Gerrity points down to the valley below. “Over here would be some elk,” he says. “Over here would be bison. On the riverbanks would be a mama grizzly bear with two or three little cubs walking along the mud there.”

These are animals one would see at Yellowstone National Park, but without so many tourists. The reserve is a new kind of national park, one that’s free to the public and privately funded through both small donors and some of the wealthiest people in the world.

American Prairie was founded more than 18 years ago after Gerrity moved back home to Montana from Silicon Valley, where he ran a firm that consulted for companies such as AT&T and Apple. For him, the project promised a different kind of long-term investment.

Bison walk on American Prairie Reserve land. The organization is slowly purchasing ranches from willing sellers, phasing out the cows and replacing them with wild bison.

Claire Harbage/NPR

“To work on something — pour your heart into it — and arrange it like a giant work of art and the public would by and large appreciate and realize it would last far, far beyond my lifetime? That just seemed like a dream come true,” Gerrity says.

The reserve has since garnered multimillion-dollar donations from a German billionaire, heirs to the Mars Candy Co., and a handful of top executives in the finance industry, at least two of whom helped steer big investments in oil, gas and coal. Those industries have exacerbated climate change, leading to increased wildfires, floods and drought in the northern Great Plains.

A “Save the Cowboy” sign is posted along a fence. The “Little Rockies” on the Fort Belknap Indian Reservation are seen in the distance.

Claire Harbage/NPR

Some see hypocrisy in this kind of money, including Rob Reich, director of the Center on Philanthropy and Civil Society at Stanford University.

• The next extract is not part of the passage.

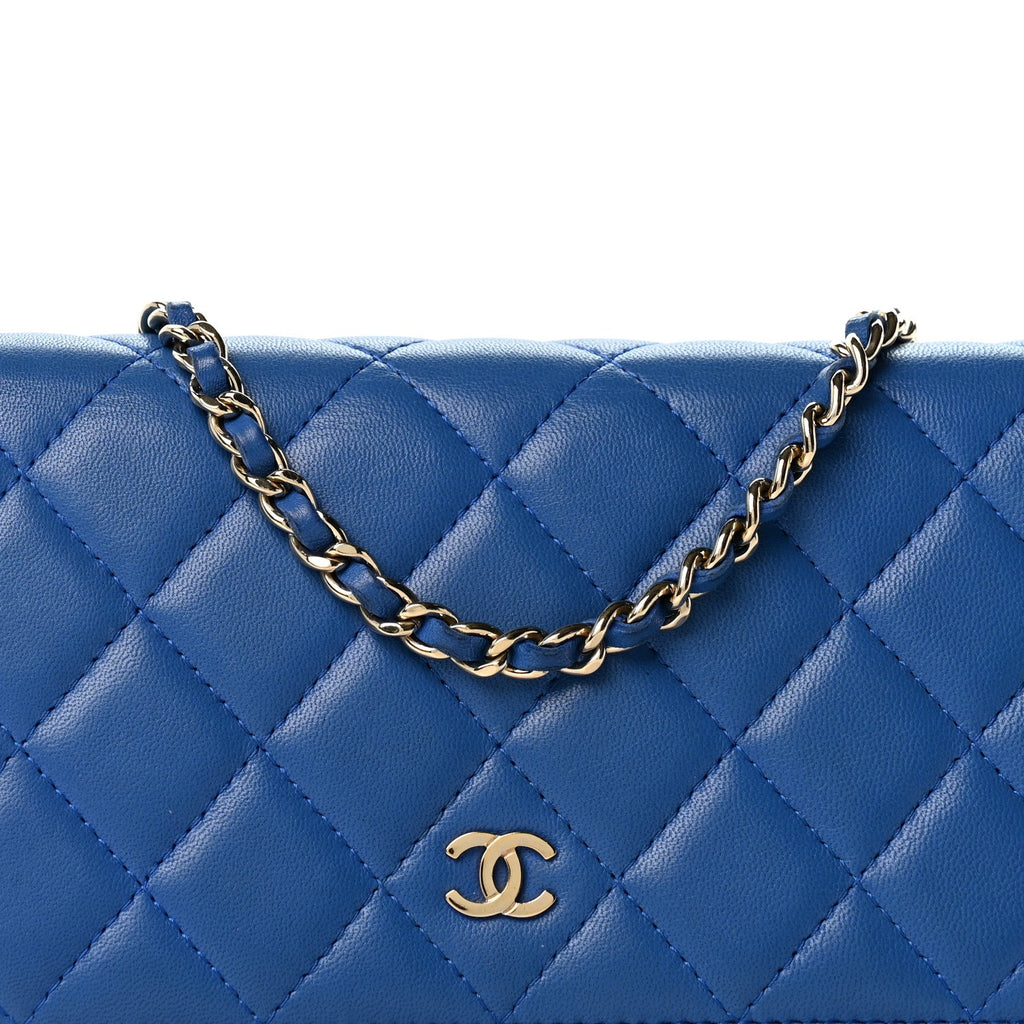 Lambskin Quilted Wallet On Chain WOC Blue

“The structure of global capitalism, which they had a role upholding, is partly responsible for the degradation of the environment,” Reich says.

But Gerrity says the reserve can’t afford to be that picky because almost all of his donors, big and small, are driving the climate crisis.

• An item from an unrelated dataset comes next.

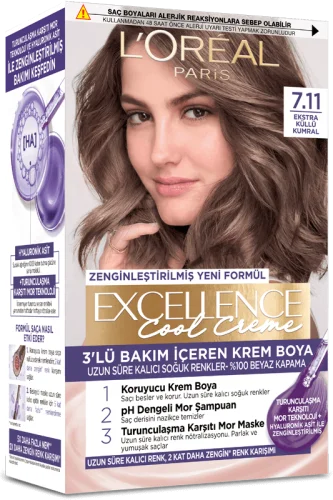 Loreal Paris Excellence Cool Creme Saç Boyası - 7.11 Ekstra Küllü Kumral - 1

“The person who puts the gas in their car, or uses the coal in their house to heat, or the person who gets on a nonessential jet trip to take a vacation or go to a wedding or something like that, is the person actually creating the business and encouraging the oil companies to keep on doing what they’re doing,” Gerrity says.

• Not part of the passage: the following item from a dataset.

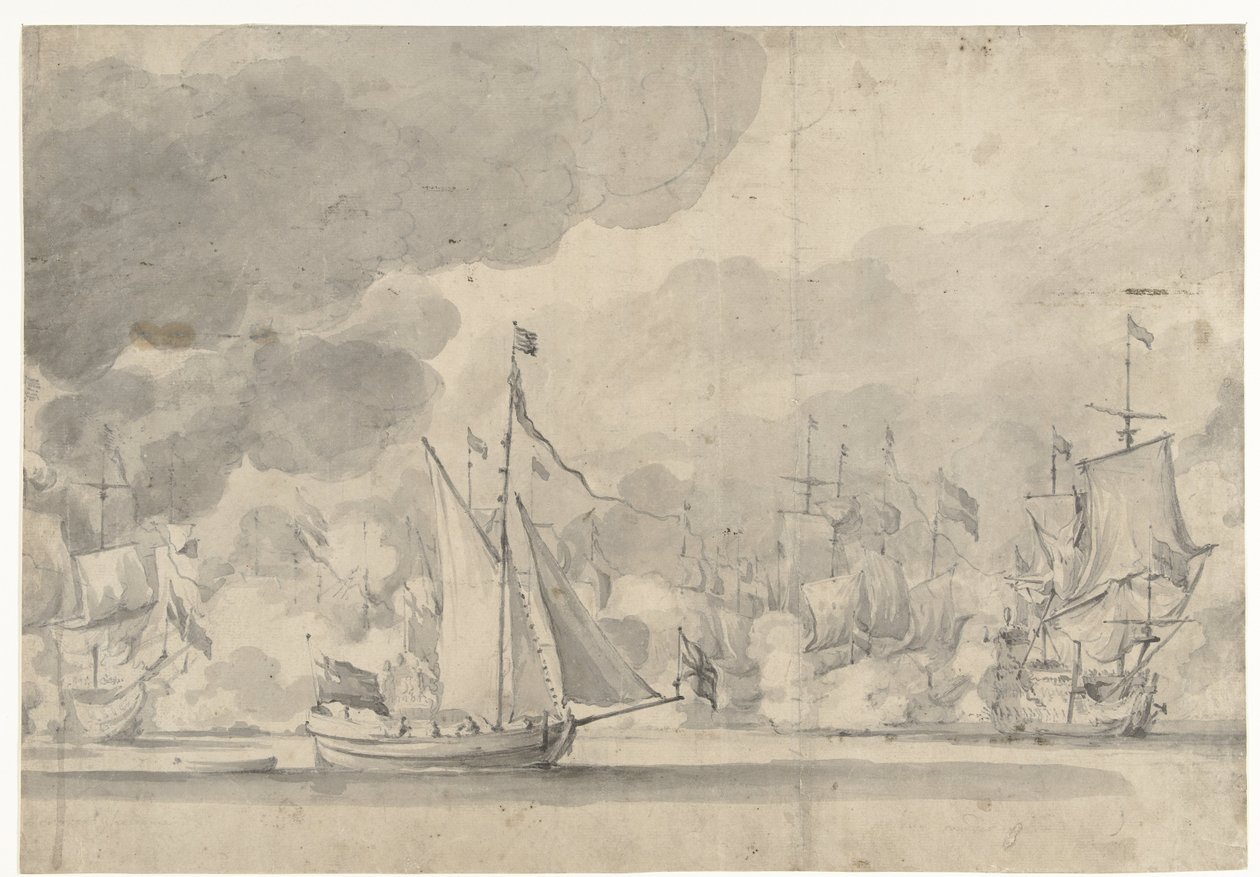 Lowestofti csata 1665. június 13-án alkotó: Willem van de Velde (I)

Cattle and birds near the Frenches’ land.

Claire Harbage/NPR

Besides, he argues, this is one of only a few intact grassland ecosystems in the world and he wants to fully restore it before it disappears.

“This wildlife habitat is going away and there is almost none left,” he says. “This is the last bit in the Great Plains, for the most part, where we can do a project of this size.”

“The best option for conservation”

Questions about American Prairie’s financial support aren’t the only issue facing the organization. For the ranching families who have lived and worked in this pocket of northeastern Montana for more than a century, the reserve is an affront.

Craig French rides a horse on his ranchland. While some ranchers in this pocket of the Great Plains overgrazed their spreads and plowed up native grasses, most did a good job taking care of it.

Claire Harbage/NPR

They make a lot of different arguments against it. Some border on crazy, such as the conspiracy theory that the reserve is part of a cunning plot by the United Nations to clear everyone from the Great Plains. But the most common argument boils down to this: God gave people this land so it can be worked, so we can produce food or fuel from it.

At a community hall that serves as a makeshift church for a small group of ranchers every Sunday, traveling pastor Hal DeBoer says this is a biblical idea.

God placed Adam in the Garden of Eden, “and the very first words that he said to the man was, ‘I want you to work this and take care of it.’ So to me, that is what the ranchers and farmers are doing. They’re working the land, but they’re taking care of it.”

Ranchers gather with traveling pastor Hal DeBoer for a religious service at First Creek Community Hall.

Claire Harbage/NPR

French, who owns C Lazy J Ranch, is rooted in the Christian notion of stewarding the land and says she will never sell her spread to the reserve.

“We are the best hope to keep this land here,” French says. “I really feel like ranchers — these land stewards — are the best option for conservation.”

While some ranchers in this pocket of the Great Plains overgrazed their spreads and plowed up native grasses, most did a good job taking care of it. That’s a big reason this area is still considered one of the few intact grassland ecosystems in the world. Ranchers here are pretty good stewards.

Conni checks on a bull on her ranch. She says she will never sell her spread to the reserve. “I really feel like ranchers — these land stewards — are the best option for conservation.”

Claire Harbage/NPR

Powerful conservation groups have taken notice. They are working with some ranchers here to help them save what’s left of the prairie while at the same time sustainably raising cattle. But as land prices become more expensive and ranchers struggle to find family members to take over their spreads when they die, their control over northeastern Montana is weakening.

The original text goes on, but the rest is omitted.